== Exercise aim ==
In the listing that follows, find the line with "심플 모던 남성용 클러치백 특가 블랙 추천아이템!--8", then copy exactly from it through the line with "pcnh_flashsale_slider_A", leaving out every picture.

Task data Start Marker

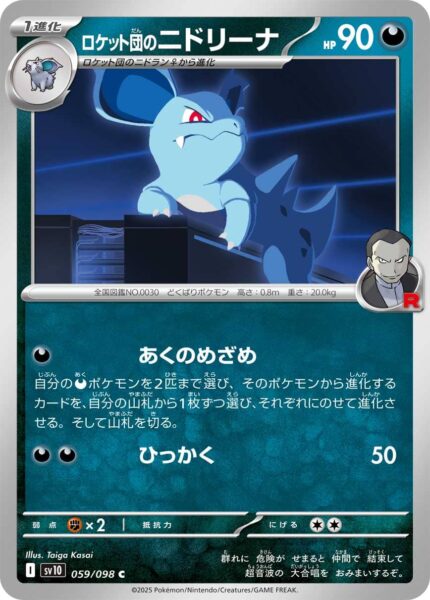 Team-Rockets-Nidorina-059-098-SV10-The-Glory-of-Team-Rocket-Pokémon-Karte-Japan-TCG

Task data End Marker
Task data Start Marker

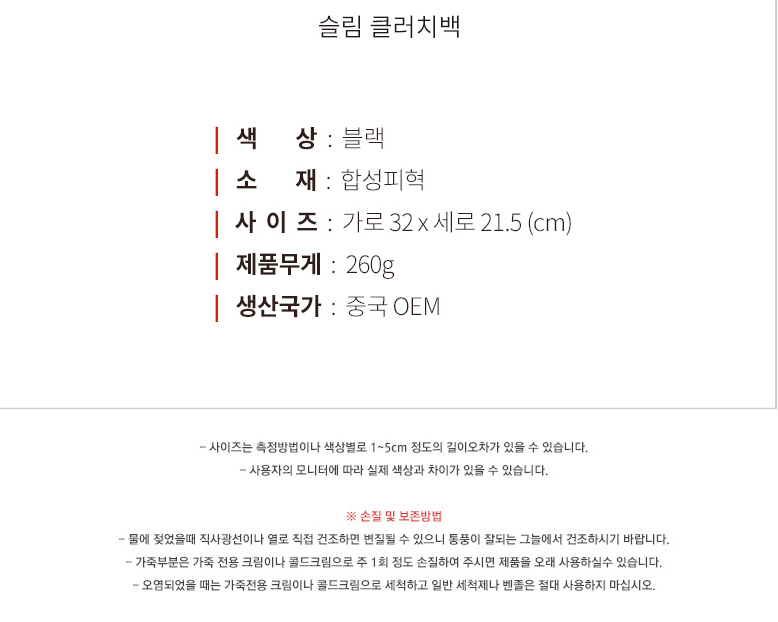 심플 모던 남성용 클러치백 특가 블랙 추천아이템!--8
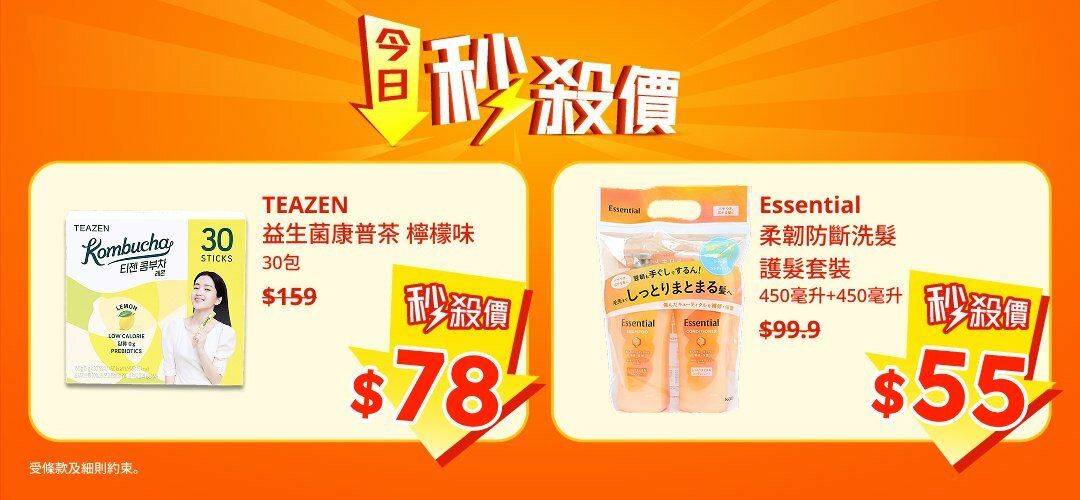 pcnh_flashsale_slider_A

Task data End Marker

== Result of the task ==
 심플 모던 남성용 클러치백 특가 블랙 추천아이템!--8
 pcnh_flashsale_slider_A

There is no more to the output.